> YOUR ASSIGNMENT:
Nothing in the listing below should be skipped, so transcribe it all exactly.

> SUPPLIED DATA:
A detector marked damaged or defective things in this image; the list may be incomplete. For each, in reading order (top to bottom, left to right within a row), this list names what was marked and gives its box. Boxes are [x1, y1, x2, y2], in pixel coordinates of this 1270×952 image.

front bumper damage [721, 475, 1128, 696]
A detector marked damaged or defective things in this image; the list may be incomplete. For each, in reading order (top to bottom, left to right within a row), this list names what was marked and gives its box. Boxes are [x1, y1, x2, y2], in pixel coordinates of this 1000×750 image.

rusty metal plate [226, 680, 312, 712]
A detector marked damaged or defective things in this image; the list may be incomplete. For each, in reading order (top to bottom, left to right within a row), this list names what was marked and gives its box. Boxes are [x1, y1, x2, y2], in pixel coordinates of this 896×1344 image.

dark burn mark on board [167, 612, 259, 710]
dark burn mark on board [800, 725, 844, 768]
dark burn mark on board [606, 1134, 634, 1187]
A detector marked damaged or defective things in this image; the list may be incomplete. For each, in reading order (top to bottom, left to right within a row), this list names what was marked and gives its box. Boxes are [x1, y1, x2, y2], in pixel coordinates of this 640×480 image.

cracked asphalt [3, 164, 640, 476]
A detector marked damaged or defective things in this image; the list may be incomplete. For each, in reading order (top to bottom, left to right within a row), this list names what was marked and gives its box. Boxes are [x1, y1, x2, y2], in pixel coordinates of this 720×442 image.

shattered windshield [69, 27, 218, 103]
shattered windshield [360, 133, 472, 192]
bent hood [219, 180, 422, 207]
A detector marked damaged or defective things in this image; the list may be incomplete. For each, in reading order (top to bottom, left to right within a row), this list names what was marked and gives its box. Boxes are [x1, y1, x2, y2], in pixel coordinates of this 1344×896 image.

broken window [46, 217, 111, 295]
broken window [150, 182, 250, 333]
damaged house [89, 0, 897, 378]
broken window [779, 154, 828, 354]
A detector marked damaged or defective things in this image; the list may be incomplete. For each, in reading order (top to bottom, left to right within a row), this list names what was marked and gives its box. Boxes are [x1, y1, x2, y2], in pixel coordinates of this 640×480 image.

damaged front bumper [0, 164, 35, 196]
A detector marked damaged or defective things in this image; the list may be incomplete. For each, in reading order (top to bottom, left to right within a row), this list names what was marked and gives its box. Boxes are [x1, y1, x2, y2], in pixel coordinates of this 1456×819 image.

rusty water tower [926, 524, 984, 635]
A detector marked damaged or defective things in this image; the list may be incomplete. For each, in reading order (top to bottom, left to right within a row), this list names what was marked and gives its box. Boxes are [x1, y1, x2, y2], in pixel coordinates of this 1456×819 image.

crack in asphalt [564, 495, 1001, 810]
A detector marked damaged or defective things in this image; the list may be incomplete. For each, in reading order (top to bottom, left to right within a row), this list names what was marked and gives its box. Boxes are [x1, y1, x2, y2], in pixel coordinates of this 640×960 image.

> TASK OUTPUT:
A detector marked damaged or defective things in this image; the list may be incomplete. For each, in reading order (top to bottom, left to right within a row), this list names what was marked and gives its box. Boxes are [x1, y1, x2, y2], in pixel coordinates of this 1270×952 image.

front bumper damage [721, 475, 1128, 696]
A detector marked damaged or defective things in this image; the list may be incomplete. For each, in reading order (top to bottom, left to right within a row), this list names what was marked and gives its box. Boxes are [x1, y1, x2, y2], in pixel coordinates of this 1000×750 image.

rusty metal plate [226, 680, 312, 712]
A detector marked damaged or defective things in this image; the list may be incomplete. For each, in reading order (top to bottom, left to right within a row), this list names what was marked and gives its box. Boxes are [x1, y1, x2, y2], in pixel coordinates of this 896×1344 image.

dark burn mark on board [167, 612, 259, 710]
dark burn mark on board [800, 725, 844, 768]
dark burn mark on board [606, 1134, 634, 1187]
A detector marked damaged or defective things in this image; the list may be incomplete. For each, in reading order (top to bottom, left to right within a row), this list names what was marked and gives its box. Boxes are [x1, y1, x2, y2], in pixel coordinates of this 640×480 image.

cracked asphalt [3, 164, 640, 476]
A detector marked damaged or defective things in this image; the list may be incomplete. For each, in reading order (top to bottom, left to right within a row), this list names what was marked and gives its box. Boxes are [x1, y1, x2, y2], in pixel coordinates of this 720×442 image.

shattered windshield [69, 27, 218, 103]
shattered windshield [360, 133, 472, 192]
bent hood [219, 180, 422, 207]
A detector marked damaged or defective things in this image; the list may be incomplete. For each, in reading order (top to bottom, left to right within a row), this list names what was marked and gives its box. Boxes are [x1, y1, x2, y2], in pixel coordinates of this 1344×896 image.

broken window [46, 217, 111, 295]
broken window [150, 182, 250, 333]
damaged house [89, 0, 897, 378]
broken window [779, 154, 828, 354]
A detector marked damaged or defective things in this image; the list may be incomplete. For each, in reading order (top to bottom, left to right within a row), this list names what was marked and gives its box. Boxes are [x1, y1, x2, y2], in pixel coordinates of this 640×480 image.

damaged front bumper [0, 164, 35, 196]
A detector marked damaged or defective things in this image; the list may be incomplete. For each, in reading order (top to bottom, left to right within a row), this list names what was marked and gives its box. Boxes are [x1, y1, x2, y2], in pixel coordinates of this 1456×819 image.

rusty water tower [926, 524, 984, 635]
A detector marked damaged or defective things in this image; the list may be incomplete. For each, in reading order (top to bottom, left to right within a row), this list names what was marked and gives its box. Boxes are [x1, y1, x2, y2], in pixel coordinates of this 1456×819 image.

crack in asphalt [564, 495, 1001, 810]
A detector marked damaged or defective things in this image; the list may be incomplete. For each, in reading order (top to bottom, left to right within a row), this list names what was marked and gives its box. Boxes are [x1, y1, x2, y2], in pixel coordinates of this 640×960 image.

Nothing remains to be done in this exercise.